**Exercise brief**:
Across all the records below, count the lines that hold "leather". State only that figure.

**Records shown**:
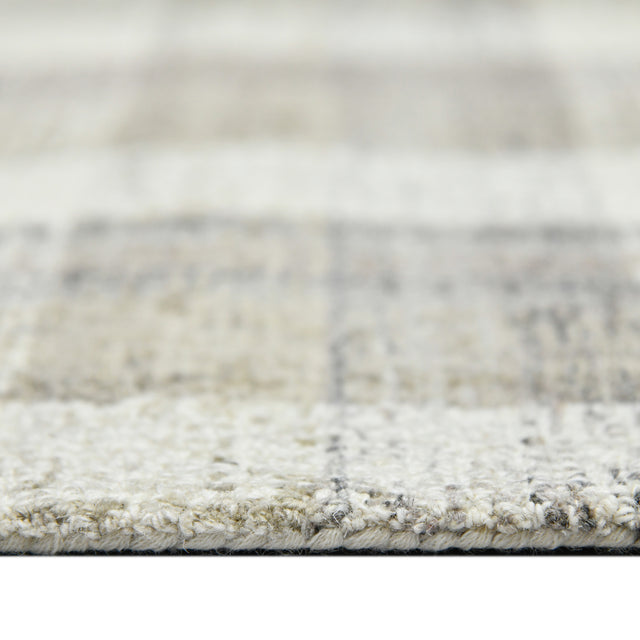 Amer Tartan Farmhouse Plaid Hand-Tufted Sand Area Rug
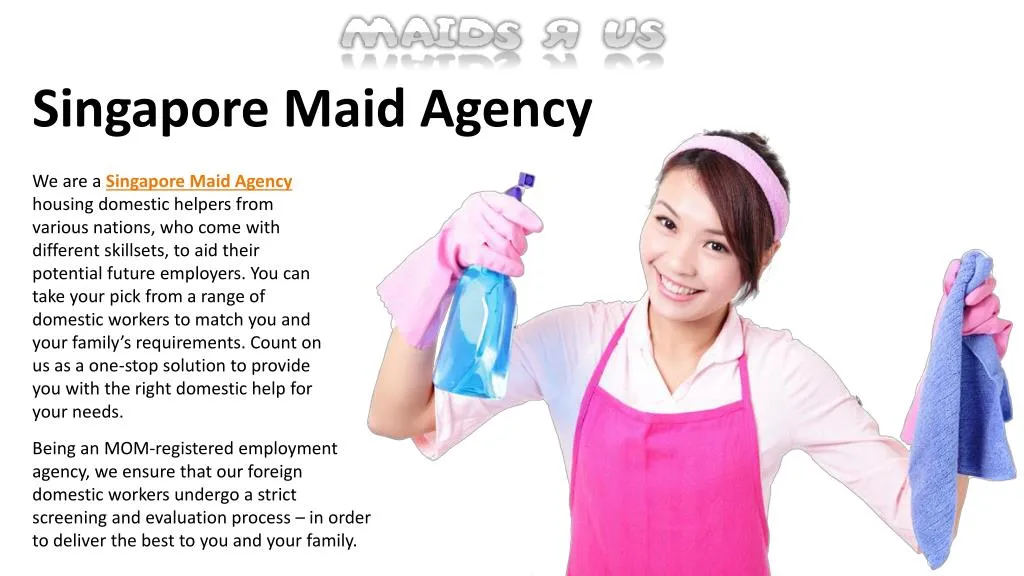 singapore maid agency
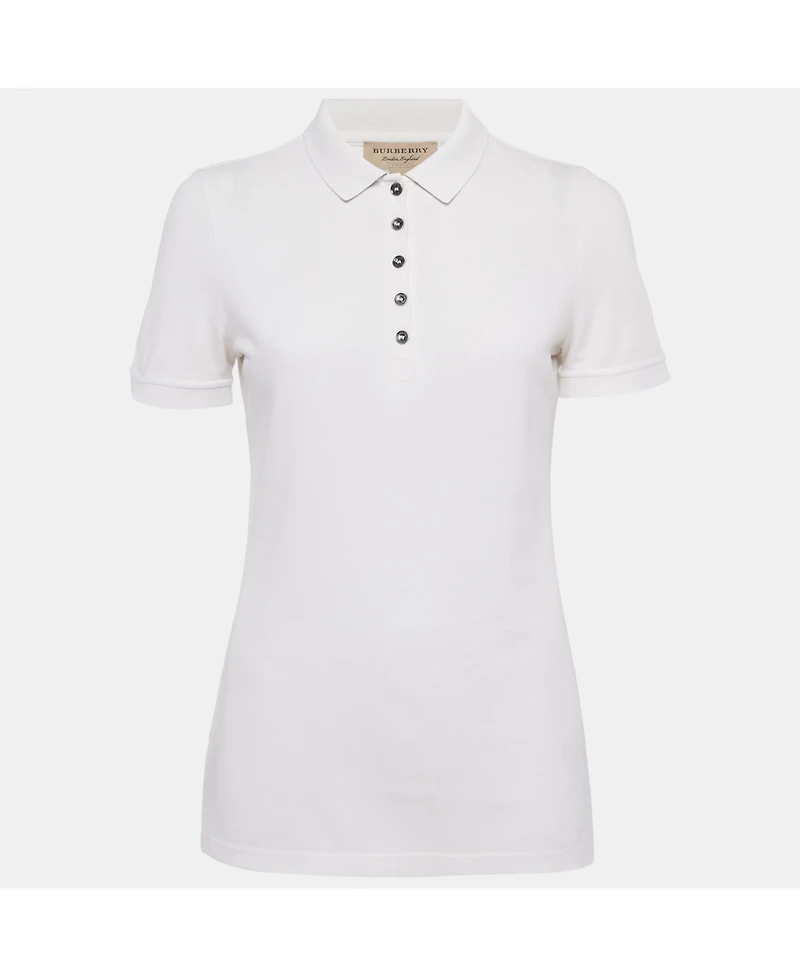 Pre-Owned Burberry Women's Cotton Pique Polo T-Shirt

--

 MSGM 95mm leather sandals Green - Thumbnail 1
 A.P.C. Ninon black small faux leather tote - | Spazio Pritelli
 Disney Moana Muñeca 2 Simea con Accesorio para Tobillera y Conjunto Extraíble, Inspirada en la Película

**Reply**:
2